Rabenmütter – oder doch nicht?

Unsere Redaktorin Dagmar Schräder schreibt über die grossen und kleinen Dinge des Lebens. Heute darüber, was sie von einer echten Glucke unterscheidet.

Dagmar Schräder bringt ihre Gedanken aufs Papier. (Foto: dad)
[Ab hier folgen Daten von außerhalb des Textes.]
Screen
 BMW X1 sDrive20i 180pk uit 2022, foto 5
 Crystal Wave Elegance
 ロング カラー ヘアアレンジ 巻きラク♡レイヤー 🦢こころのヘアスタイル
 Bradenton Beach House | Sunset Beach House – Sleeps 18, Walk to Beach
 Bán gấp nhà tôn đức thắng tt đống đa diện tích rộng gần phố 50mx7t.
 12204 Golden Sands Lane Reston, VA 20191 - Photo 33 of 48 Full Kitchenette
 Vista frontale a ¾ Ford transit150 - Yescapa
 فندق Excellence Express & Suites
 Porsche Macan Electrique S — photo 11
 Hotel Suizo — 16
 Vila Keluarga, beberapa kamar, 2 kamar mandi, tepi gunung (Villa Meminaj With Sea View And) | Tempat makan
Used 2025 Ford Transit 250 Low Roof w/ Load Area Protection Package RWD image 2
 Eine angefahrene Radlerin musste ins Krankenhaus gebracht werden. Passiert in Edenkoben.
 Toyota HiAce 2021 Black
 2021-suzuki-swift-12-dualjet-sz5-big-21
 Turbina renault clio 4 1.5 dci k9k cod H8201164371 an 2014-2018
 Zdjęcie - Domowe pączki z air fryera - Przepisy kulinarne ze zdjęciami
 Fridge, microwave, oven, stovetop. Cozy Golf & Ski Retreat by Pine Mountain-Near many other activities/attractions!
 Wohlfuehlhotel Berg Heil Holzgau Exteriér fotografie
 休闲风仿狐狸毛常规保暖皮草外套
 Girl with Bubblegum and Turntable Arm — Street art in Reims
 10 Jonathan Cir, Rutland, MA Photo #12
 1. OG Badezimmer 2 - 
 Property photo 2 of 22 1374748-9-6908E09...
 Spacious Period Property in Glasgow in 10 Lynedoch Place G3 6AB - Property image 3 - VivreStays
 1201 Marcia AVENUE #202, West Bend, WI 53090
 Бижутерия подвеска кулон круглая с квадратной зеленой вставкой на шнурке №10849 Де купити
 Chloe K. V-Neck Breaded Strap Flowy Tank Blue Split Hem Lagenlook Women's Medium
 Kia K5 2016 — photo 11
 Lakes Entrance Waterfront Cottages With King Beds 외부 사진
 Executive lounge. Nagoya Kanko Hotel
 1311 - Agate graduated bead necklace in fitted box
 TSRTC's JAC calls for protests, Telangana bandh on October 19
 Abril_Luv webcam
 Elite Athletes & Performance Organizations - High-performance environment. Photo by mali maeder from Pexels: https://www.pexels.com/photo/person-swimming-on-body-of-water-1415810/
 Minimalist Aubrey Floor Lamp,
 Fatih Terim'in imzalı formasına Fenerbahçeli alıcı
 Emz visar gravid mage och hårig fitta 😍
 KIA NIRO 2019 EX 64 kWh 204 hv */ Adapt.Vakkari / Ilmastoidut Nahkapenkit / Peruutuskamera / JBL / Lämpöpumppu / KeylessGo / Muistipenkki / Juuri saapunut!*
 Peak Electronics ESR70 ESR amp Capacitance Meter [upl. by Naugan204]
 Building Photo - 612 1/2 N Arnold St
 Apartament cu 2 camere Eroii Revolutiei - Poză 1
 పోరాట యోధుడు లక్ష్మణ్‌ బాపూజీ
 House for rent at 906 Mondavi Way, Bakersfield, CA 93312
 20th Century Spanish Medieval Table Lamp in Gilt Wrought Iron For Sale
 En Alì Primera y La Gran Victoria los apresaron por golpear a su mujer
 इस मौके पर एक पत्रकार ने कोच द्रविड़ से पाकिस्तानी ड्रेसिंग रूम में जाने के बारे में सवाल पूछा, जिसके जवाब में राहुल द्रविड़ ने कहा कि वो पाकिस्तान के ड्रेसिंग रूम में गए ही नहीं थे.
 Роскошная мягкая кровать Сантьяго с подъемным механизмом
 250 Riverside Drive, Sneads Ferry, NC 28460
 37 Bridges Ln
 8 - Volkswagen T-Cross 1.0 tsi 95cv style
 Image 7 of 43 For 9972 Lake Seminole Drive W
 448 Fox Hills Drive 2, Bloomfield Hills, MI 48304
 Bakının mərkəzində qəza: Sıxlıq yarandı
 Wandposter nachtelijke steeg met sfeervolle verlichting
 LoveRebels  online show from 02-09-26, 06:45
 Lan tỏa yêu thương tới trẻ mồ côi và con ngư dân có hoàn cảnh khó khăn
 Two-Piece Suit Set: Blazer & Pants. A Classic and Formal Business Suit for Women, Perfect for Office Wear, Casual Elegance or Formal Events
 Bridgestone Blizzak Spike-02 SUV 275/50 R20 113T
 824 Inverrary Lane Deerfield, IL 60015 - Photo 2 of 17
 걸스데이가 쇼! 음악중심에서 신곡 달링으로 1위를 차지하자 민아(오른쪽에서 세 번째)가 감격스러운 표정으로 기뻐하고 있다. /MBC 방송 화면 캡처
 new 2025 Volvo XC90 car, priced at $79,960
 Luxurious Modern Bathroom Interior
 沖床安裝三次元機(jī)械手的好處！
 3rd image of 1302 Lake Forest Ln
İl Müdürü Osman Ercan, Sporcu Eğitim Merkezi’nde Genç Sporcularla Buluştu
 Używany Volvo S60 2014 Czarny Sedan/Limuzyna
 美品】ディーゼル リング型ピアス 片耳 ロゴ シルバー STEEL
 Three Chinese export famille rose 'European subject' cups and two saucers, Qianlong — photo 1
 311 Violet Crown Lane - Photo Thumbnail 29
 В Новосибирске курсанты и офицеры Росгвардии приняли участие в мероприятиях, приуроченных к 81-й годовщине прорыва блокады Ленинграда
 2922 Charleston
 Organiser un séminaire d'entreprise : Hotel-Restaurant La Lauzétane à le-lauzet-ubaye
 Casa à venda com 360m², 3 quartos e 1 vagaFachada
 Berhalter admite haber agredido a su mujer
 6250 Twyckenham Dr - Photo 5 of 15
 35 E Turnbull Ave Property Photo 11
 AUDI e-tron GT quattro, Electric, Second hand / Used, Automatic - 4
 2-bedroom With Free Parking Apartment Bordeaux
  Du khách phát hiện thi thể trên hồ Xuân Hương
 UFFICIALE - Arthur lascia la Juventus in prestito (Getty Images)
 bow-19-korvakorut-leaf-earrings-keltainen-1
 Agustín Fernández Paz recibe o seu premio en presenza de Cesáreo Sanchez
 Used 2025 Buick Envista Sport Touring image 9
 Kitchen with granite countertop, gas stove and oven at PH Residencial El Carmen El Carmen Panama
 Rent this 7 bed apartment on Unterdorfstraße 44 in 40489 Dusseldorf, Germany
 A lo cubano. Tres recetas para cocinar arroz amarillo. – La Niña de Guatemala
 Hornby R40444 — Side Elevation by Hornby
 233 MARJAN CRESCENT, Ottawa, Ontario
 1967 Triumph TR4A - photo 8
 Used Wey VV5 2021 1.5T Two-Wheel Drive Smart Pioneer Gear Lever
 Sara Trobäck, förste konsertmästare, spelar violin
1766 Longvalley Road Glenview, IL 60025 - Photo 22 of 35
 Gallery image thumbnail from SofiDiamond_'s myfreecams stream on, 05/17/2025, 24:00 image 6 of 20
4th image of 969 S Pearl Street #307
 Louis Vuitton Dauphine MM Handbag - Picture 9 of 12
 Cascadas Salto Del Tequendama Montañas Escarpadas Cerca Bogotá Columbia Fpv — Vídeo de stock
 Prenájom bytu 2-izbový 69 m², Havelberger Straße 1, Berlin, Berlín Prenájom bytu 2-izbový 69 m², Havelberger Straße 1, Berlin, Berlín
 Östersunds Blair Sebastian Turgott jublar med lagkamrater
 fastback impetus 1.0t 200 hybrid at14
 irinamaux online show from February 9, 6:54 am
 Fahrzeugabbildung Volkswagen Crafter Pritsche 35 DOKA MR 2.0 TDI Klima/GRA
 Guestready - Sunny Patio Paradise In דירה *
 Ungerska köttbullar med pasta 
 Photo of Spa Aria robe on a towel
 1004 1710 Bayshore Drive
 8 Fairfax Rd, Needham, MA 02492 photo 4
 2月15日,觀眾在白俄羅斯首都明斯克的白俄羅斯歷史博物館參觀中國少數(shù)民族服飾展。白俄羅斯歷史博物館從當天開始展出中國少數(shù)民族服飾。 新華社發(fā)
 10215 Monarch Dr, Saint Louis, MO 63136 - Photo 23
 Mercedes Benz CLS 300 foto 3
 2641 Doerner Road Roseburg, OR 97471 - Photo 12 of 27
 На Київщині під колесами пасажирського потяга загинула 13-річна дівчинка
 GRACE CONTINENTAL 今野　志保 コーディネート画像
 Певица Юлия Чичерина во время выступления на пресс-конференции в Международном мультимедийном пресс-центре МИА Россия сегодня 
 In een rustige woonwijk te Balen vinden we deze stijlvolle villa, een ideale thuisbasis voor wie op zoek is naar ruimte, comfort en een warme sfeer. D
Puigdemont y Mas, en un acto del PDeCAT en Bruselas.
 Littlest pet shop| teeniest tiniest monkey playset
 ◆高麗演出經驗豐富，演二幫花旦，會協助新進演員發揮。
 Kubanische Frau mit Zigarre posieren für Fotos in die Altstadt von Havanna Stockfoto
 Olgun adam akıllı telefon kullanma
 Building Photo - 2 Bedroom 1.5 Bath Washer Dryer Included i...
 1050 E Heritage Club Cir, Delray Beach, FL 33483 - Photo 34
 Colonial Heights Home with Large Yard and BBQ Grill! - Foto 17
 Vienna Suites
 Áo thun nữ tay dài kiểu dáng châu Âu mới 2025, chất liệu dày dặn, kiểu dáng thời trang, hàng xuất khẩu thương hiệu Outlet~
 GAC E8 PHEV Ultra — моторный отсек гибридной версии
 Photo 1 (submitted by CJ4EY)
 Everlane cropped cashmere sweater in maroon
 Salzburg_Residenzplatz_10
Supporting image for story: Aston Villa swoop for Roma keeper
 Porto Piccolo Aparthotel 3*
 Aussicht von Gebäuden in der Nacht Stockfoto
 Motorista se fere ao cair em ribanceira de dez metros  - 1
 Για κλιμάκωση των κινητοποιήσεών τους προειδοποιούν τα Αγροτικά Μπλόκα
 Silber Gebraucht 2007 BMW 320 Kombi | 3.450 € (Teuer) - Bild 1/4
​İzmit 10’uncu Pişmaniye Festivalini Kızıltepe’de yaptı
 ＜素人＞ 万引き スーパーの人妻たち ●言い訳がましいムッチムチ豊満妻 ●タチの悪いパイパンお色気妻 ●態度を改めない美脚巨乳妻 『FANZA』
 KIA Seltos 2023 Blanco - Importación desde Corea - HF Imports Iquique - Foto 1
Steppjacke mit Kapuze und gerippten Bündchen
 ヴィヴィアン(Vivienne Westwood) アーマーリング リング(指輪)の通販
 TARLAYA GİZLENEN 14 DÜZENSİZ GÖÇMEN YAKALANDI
Ich teile an dieser Stelle nochmal meine Muttergefühle mit Ihnen. Denn manchmal ist es doch echt hart, Mutter zu sein. Nicht nur, weil frau mit dem Heranwachsen der Kinder die Gesprächspartner*innen in der eigenen Wohnung so langsam ausgehen, ich hatte ja schon mal über die sprechenden Wände berichtet. Sondern auch, weil es manchmal so richtigen Herzschmerz verursacht, wenn einem die Kinder das Gefühl vermitteln, die bedingungslose Liebe, die man gegenüber ihnen empfindet, nicht mehr ganz so zu erwidern, wie man es gewohnt war.

Die gefühlt ersten 100 Male, als ich diese Erfahrung gemacht habe, habe ich geheult wie ein Schlosshund. Mich im Badezimmer eingesperrt oder in der Küche laute Musik laufen lassen und mich dazu äusserst genüsslich in meinem Selbstmitleid gesuhlt. Was hatte ich nur für undankbare Kinder. Schliesslich hatte ich nun die besten Jahre meines Lebens investiert, um die Jungbrut aufzuziehen, sehr viel Energie, Zeit, das gesamte Geld und unendlich viel Zuneigung in sie hineingesteckt, und was tut diese, kaum ist sie den Windeln entwachsen und in der Lage, sich selbst Spaghetti mit Tomatensauce zuzubereiten?

Sich schlecht benehmen. Abends spät und immer später nach Hause kommen und dann noch mit Unverständnis darauf reagieren, wenn man sich Sorgen darüber macht. Überhaupt genervt sein, wenn Mutter nachfragt, was im Leben gerade so abgeht. Schlecht gelaunt durch die Wohnung poltern, weil der Kühlschrank nicht ausreichend oder mit den richtigen Dingen gefüllt ist.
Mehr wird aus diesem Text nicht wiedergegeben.